5. From Algorithm to Register Transfer Logic
Part of
the 22C:122/55:132 Lecture Notes for Spring 2003
|
Any program can be mechanically reduced to a digital system that implements the semantics of that program! By mechanically reduced, we mean that there exist algorithms for this.
Computers are unnecessary. We could build hardware that directly implements the semantics of any program.
All algorithms, expressed in program form, are the specifications of mechanisms. The distinction between mechanism and algorithm that was once made in US patent law is entirely meaningless. (Patent lawyers have argued that algorithms cannot be patented because algorithms are mathematical abstractions and patent law applies only to mechanisms.
First, many mechanisms in modern programming languages are redundant. All pointers can be replaced with integer indices into arrays, where each array entry contains one object of the type referenced by the pointer. All recursive algorithms can be reformulated in iterative form, perhaps with the addition of explicit stack objects with an explicit stack pointer. All object oriented programs can be rewritten in non-object-oriented form, replacing calls to methods of objects with calls to functions operating on those objects.
Once recursion is eliminated, all local variables can be replaced with global variables, using renaming schemes to deal with name conflicts.
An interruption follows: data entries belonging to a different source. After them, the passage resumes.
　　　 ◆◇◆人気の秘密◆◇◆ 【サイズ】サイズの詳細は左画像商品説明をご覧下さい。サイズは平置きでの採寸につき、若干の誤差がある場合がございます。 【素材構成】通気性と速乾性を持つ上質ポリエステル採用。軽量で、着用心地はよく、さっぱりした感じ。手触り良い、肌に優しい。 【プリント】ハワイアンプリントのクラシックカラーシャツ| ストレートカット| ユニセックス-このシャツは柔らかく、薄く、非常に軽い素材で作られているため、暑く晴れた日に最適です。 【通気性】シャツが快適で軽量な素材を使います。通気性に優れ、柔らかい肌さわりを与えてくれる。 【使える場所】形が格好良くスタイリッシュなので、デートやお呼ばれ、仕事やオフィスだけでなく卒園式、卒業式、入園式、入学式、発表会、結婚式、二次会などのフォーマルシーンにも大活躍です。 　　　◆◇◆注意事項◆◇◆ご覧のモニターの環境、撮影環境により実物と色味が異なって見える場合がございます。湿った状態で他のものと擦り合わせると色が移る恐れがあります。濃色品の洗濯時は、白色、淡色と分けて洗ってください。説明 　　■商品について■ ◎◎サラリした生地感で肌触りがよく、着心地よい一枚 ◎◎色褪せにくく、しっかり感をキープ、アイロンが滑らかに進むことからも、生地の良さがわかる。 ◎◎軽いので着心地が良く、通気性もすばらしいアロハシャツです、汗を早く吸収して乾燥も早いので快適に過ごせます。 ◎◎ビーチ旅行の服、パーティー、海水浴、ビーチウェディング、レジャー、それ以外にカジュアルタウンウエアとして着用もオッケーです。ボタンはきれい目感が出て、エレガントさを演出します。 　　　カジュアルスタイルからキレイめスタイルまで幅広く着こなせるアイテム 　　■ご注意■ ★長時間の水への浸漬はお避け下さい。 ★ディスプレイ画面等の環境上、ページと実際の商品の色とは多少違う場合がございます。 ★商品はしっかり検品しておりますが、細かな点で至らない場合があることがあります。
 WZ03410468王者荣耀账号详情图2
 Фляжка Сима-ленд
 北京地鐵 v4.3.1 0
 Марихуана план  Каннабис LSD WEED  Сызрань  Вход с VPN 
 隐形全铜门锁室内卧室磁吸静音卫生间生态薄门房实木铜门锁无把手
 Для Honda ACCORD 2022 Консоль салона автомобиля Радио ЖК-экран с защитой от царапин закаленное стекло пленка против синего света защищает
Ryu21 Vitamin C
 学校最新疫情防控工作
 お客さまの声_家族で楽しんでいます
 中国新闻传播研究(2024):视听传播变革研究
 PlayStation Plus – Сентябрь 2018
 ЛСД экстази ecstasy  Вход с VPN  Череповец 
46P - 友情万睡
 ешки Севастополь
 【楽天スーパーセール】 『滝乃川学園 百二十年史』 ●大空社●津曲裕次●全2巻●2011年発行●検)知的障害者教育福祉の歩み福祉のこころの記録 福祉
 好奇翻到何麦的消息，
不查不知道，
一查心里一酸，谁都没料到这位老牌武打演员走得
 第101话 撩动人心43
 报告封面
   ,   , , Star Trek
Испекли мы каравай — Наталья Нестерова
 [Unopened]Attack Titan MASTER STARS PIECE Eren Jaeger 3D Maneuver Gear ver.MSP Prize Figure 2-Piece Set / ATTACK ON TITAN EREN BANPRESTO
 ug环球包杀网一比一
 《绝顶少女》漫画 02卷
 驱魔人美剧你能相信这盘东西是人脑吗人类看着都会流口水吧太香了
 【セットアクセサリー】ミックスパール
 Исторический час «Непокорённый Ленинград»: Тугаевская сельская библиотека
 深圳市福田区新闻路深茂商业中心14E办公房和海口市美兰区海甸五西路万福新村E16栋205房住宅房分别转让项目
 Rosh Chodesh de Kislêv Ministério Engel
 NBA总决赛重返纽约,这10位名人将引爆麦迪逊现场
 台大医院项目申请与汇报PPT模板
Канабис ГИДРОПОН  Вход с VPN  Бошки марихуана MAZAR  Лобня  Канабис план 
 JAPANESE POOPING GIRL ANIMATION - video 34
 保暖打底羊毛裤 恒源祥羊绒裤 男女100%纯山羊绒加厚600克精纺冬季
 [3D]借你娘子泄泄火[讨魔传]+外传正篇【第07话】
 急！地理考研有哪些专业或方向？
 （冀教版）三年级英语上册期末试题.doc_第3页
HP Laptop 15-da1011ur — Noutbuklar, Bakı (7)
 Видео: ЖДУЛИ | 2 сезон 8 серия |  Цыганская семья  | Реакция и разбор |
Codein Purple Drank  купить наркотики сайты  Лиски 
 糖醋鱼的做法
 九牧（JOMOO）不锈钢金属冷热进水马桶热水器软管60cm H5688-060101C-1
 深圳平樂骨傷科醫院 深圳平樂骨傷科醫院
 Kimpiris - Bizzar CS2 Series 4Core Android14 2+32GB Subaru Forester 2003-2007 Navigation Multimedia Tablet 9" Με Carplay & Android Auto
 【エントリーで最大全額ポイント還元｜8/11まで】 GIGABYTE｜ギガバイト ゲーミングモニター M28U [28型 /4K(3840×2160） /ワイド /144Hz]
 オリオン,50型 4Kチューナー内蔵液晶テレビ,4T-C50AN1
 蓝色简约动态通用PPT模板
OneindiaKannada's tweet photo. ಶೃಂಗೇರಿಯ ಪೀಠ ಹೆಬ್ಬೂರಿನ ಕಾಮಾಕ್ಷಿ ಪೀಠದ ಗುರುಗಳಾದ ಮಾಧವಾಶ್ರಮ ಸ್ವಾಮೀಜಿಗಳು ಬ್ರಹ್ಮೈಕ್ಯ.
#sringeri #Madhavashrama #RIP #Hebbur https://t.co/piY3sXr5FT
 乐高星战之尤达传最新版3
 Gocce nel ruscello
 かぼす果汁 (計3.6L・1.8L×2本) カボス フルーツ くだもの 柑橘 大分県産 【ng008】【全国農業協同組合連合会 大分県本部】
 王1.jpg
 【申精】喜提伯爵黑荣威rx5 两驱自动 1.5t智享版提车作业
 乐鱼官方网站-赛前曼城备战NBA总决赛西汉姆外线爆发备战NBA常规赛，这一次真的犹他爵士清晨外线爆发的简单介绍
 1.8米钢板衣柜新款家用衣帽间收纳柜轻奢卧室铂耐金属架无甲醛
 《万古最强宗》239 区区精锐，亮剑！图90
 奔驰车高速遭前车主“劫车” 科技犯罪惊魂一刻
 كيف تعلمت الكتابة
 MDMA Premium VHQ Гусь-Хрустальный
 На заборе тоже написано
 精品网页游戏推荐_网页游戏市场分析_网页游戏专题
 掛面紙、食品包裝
All function calls can then be eliminated by the inline substitution of the indicated function bodies in place of the function calls, with appropriate substitutions of actual parameters for formal parameters. This may require the introduction of temporary variables to hold copies of some of the actual parameters.
Complex primitives such as multiplication and division can be replaced by algorithms based on simple primitives such as addition and subtraction. Floating point numbers can be replaced by records with exponent and mantissa fields.
All record variables can be replaced by groups of simple variables, one to hold each field of the record. All arrays of records can be replaced by groups of arrays, one for each field of the records that were elements of the original array. In sum, we can undo all of the sophisticated software engineering that was applied to the original program, mechanically producing a program in the same language that is utterly unreadable and unmaintainable.
We take for granted here that the transformations needed to eliminate use of redundant programming language mechanisms have been done, so that the program implementing our algorithm uses only the following limited set of features:
We will also assume that no array appears twice in the same statement; this may require adding temporary variables and extra assignments, but it eliminates the need for multiport RAM arrays and for edge-triggered RAM updates.
In the following, we will show, for each of these, how it is reduced to hardware. There are three basic stages to a constructive proof of our the4rem:
A constructive proof of this theorem begins with the simple observation that each simple variable in the program can be realized by a register and a multiplexor. The number of bits in the register must be sufficient to represent all possible values of that variable, and the multiplexor will have one input for each distinct assignment statement that might assign a value to the variable.
int I;
as
Isel _|_|_|_
----\_____/ IselMUX
|
___|___
Ick | |
---|> I |
|_______|
|
|
Here, we've adopted the convention that Ick is the name of the clock signal to register I. This receives a clock pulse whenever we assign to I. Similarly, Isel is the name of the multiplexor input that determines what value is assigned to the variable, and we call this multiplexor IselMUX.
The proof continues by observing that each array can be realized by a RAM and two multiplexors. The number of bits in each word of the memory is set by the type of the array elements. The number of entries is the array dimension. One multiplexor is used to select between the different possible sources of values assigned to the array, while the other is used to select between the different possible values used as subscripts. Thus, we rewrite
int A[x];
as
Asub _|_|_|_
----\_____/
Asel |AsubMUX _|_|_|_
-------|--------\_____/
| |AselMUX
| ___|___
| | |
-----/-|addr |
| |
| RAM |
Ack | |
---------------|> A |
|_______|
|
|
Here, again, we use the convention that Ack is the clock for the RAM array A; it receives a pulse whenever we assign to A. The address line receives the array subscript, as selected by the Asub control input, and the data input is controlled by Asel. The multiplexors are named, respectively AsubMUX and AselMUX.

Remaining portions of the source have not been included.